═════ DATASET EXTRACT

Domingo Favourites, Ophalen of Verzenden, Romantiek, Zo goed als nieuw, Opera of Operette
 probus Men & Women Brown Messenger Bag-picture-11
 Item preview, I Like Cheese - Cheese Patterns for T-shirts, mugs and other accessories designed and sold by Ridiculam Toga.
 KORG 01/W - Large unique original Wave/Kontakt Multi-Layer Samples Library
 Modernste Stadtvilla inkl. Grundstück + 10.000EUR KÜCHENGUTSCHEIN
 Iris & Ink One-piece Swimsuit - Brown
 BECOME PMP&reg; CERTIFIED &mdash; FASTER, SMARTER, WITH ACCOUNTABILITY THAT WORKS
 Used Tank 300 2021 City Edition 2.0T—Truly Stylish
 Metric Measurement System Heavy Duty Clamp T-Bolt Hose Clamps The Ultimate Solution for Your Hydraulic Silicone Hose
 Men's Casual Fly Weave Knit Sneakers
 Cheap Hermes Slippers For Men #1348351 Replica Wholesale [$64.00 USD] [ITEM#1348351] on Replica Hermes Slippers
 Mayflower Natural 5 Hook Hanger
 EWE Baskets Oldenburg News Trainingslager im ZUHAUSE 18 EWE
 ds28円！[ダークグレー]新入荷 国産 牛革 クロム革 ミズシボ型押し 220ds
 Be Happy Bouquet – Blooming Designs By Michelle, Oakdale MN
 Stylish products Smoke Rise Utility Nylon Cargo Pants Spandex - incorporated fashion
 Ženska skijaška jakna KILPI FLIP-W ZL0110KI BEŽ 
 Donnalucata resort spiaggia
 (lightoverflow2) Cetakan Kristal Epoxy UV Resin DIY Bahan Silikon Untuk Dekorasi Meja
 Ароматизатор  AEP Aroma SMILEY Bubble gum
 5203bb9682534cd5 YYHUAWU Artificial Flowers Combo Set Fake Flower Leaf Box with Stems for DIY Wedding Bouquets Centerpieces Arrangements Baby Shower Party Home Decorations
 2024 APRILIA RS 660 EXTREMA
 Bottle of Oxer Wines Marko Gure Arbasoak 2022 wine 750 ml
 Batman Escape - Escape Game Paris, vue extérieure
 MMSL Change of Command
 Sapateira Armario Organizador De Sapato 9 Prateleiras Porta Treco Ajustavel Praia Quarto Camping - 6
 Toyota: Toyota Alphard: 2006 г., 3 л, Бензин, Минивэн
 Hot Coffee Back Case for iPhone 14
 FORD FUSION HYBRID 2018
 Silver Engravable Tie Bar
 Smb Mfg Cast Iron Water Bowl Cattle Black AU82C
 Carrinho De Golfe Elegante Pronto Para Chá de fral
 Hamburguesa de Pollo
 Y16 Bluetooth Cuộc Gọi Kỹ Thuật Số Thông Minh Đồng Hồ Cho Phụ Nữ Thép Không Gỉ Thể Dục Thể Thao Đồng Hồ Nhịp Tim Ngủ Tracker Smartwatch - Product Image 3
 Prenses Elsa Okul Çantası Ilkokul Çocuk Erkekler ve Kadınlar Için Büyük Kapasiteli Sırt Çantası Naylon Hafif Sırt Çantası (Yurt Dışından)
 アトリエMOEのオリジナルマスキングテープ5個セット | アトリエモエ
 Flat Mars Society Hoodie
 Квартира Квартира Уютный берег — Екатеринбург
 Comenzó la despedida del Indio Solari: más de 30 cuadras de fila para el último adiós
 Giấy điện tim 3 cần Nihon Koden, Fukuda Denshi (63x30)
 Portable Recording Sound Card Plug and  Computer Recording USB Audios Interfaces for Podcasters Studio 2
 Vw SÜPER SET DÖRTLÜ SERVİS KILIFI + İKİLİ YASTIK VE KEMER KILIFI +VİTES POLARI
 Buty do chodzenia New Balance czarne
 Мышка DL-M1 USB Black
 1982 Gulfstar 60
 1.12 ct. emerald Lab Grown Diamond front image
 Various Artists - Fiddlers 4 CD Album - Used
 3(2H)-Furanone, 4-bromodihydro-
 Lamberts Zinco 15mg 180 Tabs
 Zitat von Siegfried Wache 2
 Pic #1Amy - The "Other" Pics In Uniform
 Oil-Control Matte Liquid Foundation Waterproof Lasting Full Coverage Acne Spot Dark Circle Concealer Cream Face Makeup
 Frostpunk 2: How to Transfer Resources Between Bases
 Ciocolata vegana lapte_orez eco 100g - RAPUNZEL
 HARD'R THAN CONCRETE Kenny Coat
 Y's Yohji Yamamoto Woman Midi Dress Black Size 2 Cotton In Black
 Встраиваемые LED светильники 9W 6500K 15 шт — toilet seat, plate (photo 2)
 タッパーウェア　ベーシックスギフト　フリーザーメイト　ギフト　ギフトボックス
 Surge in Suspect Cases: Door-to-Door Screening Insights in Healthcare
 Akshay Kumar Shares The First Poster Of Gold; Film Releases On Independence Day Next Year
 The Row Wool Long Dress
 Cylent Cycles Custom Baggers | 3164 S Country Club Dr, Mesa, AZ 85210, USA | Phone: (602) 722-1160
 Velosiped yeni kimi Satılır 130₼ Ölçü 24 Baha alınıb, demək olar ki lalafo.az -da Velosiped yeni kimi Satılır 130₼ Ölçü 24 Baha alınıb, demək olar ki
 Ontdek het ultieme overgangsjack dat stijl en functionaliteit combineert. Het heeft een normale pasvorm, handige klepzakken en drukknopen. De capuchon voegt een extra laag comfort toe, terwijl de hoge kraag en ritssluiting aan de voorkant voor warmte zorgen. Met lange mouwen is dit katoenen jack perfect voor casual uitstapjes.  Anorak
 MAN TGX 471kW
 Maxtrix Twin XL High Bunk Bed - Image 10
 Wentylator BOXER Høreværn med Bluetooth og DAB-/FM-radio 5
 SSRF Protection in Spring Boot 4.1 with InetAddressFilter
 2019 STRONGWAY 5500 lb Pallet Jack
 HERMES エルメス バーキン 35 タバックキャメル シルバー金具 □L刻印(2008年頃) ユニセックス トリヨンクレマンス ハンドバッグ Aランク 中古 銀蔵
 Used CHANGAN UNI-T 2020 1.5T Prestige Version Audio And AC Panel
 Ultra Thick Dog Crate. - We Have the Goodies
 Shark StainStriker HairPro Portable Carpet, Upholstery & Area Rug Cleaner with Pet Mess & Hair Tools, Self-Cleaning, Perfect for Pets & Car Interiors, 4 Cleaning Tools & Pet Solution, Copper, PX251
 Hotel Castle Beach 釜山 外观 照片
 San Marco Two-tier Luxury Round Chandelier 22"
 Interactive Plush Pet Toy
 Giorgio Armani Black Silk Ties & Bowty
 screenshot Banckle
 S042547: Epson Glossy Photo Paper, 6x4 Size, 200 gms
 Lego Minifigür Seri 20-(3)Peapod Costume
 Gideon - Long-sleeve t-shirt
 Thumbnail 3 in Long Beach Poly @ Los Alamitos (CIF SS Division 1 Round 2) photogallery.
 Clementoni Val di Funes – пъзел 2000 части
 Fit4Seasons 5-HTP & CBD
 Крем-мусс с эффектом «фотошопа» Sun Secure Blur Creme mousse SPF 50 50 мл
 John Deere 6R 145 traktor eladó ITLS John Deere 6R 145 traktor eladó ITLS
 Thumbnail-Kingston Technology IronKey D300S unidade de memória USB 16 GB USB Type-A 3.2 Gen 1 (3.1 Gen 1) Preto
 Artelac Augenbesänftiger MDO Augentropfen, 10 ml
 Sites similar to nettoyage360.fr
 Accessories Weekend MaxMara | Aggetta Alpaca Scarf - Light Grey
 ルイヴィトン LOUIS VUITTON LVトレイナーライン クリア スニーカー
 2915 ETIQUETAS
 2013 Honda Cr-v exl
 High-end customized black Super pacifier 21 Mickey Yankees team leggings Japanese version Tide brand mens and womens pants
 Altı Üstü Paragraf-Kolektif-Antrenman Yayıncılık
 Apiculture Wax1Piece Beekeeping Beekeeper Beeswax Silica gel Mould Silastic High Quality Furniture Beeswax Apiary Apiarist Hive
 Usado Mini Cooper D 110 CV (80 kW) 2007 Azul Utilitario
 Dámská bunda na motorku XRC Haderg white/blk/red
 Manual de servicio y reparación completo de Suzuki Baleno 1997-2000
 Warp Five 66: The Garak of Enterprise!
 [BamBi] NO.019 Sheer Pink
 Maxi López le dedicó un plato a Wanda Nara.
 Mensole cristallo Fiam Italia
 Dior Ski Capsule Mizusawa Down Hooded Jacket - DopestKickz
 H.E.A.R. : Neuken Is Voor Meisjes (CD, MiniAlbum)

══════════

* EXERCISE OBJECTIVE: Out of the entries above, write out only the lines between the line holding "Thumbnail 3 in" and the line holding "John Deere 6R 145 traktor eladó ITLS John", inclusive, each exactly as given.

* ANSWER TO THIS PROBLEM:
 Thumbnail 3 in Long Beach Poly @ Los Alamitos (CIF SS Division 1 Round 2) photogallery.
 Clementoni Val di Funes – пъзел 2000 части
 Fit4Seasons 5-HTP & CBD
 Крем-мусс с эффектом «фотошопа» Sun Secure Blur Creme mousse SPF 50 50 мл
 John Deere 6R 145 traktor eladó ITLS John Deere 6R 145 traktor eladó ITLS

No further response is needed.